My SCOM Management Server or Monitored Servers are healthy. But why do I see them in Critical status now and then even there are no unhealthy child monitors?
MOM Agent’s communication channel between an agent and a management server is maintained by Health Service. This tries to connect to a MS every 60 seconds. By default if 3 heartbeats are missed consecutively the health service monitor turns into Critical status where MS assumes that there is a connection failure between the agent and MS. This is if you have a single MS but if you have a secondary MS it will try to connect to that one after the third try.
The culprit here is corrupted cache in Health Service Monitor. Sometimes even though the Health Service is OK, if the cache is messy it will still display the RED alert. This can happen if your MS or agents are generating lot of alerts.
Clearing Health Service Cache
This is the final troubleshooting step that you can get before you uninstall the MOM agent from a monitored server. Interesting thing is this is kind a like GHOST PROTOCOL (yes the Tom Cruz movie) where after you perform this task it won’t have a task status of that since after the cache is cleared there won’t be any record of that. In simple terms this is where you HIT RESET in the agent and it does the following.
- Stops the System Center Management service.
- Deletes the health service store files.
- Resets the state of the agent, including all rules, monitors, outgoing data, and cached management packs.
- Starts the System Center Management service.

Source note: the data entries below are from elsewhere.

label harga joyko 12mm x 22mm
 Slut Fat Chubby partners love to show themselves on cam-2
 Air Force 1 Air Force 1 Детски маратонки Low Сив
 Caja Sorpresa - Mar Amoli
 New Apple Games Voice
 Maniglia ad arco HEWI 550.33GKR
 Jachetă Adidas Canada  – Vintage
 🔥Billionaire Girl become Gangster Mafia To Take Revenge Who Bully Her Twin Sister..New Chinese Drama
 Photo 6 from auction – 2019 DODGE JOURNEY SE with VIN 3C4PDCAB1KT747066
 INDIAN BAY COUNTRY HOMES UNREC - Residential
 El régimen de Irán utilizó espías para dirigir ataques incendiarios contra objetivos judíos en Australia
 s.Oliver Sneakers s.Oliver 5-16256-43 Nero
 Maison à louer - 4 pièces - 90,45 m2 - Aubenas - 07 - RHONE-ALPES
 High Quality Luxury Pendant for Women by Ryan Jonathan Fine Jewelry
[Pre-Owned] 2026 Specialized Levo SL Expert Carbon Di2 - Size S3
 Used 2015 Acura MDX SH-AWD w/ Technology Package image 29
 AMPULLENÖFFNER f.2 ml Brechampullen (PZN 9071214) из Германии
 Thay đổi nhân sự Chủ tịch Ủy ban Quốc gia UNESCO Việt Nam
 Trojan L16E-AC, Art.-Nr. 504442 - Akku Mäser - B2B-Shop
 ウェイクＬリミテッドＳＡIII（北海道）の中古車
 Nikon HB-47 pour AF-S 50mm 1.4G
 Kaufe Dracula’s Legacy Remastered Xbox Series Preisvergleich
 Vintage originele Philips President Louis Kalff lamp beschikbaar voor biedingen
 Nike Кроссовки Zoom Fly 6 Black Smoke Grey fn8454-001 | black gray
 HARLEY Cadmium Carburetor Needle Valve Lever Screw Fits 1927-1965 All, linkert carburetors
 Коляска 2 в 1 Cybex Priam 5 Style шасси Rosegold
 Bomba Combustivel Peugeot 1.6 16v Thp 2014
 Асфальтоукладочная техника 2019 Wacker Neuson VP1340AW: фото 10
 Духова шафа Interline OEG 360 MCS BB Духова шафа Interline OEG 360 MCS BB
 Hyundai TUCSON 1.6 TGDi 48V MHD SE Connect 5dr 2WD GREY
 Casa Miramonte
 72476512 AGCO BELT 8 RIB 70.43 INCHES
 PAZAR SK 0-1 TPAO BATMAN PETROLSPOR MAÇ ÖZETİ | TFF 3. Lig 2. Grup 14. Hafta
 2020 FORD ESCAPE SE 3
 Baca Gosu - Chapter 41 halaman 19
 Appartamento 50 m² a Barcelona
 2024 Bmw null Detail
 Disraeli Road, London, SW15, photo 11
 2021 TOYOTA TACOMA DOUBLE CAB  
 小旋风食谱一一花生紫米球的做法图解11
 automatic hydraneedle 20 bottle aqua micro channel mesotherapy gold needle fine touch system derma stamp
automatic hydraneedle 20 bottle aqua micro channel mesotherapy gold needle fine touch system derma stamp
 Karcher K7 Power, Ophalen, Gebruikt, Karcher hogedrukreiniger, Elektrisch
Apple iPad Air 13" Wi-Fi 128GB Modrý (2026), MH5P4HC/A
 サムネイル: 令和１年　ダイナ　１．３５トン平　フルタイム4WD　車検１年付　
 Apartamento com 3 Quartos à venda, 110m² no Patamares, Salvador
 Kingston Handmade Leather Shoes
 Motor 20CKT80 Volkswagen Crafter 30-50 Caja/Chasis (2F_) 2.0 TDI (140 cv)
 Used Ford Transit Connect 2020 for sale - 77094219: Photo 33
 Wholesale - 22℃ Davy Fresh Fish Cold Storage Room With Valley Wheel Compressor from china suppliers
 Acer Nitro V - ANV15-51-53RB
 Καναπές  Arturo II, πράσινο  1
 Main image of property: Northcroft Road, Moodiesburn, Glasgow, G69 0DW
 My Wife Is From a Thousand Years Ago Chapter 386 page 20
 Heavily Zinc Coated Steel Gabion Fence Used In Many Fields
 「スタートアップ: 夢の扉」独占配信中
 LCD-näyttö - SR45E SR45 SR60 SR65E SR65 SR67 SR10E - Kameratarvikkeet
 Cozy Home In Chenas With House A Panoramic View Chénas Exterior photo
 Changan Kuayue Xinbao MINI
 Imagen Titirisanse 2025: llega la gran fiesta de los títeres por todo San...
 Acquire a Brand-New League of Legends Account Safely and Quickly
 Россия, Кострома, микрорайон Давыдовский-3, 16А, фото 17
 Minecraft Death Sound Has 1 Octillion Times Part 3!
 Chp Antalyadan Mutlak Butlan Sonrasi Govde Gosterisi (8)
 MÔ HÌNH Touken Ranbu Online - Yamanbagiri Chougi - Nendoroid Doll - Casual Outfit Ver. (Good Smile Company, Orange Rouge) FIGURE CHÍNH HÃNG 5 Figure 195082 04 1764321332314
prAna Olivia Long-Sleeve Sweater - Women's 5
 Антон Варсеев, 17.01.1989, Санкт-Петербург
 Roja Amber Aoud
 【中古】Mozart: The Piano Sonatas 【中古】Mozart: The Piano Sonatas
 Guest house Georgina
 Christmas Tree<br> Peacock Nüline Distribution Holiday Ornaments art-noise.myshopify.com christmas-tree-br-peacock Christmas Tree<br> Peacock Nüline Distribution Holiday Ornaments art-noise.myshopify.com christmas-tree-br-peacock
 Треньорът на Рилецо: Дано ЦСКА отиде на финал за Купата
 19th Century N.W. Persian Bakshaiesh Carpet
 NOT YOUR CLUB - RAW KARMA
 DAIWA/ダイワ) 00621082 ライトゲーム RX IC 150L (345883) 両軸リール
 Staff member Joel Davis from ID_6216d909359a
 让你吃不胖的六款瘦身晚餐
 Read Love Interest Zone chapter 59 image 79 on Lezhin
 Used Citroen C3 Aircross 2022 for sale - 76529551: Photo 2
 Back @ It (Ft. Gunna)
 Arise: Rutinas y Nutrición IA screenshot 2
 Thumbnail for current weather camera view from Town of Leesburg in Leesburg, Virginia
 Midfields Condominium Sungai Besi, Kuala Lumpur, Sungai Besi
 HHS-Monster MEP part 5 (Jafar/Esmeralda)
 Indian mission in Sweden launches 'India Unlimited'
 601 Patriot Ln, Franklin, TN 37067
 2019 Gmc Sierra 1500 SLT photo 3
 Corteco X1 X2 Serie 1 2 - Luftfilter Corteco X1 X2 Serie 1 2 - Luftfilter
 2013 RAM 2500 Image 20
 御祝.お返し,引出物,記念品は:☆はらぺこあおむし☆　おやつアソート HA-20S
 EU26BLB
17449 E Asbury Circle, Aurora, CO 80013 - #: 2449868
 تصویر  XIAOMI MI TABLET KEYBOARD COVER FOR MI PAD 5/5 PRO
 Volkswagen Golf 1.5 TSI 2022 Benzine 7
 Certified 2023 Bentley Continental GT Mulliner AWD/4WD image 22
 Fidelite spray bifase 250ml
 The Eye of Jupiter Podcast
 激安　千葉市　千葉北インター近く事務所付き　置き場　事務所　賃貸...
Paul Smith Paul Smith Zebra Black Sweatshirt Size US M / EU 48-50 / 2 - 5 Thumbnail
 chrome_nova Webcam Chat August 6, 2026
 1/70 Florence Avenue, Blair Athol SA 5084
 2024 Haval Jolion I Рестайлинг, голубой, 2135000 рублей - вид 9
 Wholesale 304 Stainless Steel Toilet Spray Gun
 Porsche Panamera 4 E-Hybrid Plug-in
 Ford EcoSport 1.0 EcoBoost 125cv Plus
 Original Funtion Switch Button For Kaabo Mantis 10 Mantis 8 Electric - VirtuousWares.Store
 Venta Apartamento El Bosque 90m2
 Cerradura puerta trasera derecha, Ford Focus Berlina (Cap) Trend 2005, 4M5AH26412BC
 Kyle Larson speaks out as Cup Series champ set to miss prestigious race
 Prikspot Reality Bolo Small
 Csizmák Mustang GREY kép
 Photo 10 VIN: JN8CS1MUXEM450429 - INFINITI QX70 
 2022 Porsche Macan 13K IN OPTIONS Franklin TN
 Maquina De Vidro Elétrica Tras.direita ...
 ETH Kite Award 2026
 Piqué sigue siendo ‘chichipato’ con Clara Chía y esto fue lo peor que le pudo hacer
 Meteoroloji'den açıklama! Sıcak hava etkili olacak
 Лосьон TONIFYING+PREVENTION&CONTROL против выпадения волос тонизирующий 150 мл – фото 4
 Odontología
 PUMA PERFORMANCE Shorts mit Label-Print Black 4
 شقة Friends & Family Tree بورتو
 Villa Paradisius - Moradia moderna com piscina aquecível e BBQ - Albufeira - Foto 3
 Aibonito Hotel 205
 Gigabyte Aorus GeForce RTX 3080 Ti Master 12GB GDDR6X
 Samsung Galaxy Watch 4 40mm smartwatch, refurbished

Clearing the health service cache is pretty straight forward.
Missing Alerts in SCOM Console
Sometimes you may have encountered an error like “An object of type MonitoringAlert with id xxx was not found” when you click on an alert in SCOM console. This is because of a corrupted SCOM console cache. The alerts may be already resolved but here in the console they might be still present.
To clear the SCOM Console cache type below command in a Run window and press enter.
“C:\Program Files\System Center Operations Manager 2012 R2\Console\Microsoft.EnterpriseManagement.Monitoring.Console.exe” /clearcache
If you have an older version of SCOM this path may be different. You can get the actual path by right clicking the SCOM console shortcut and copying the path.
This command will delete the momcache.mdb found in user’s appdata folder which contains the user display preferences for each user that uses SCOM console.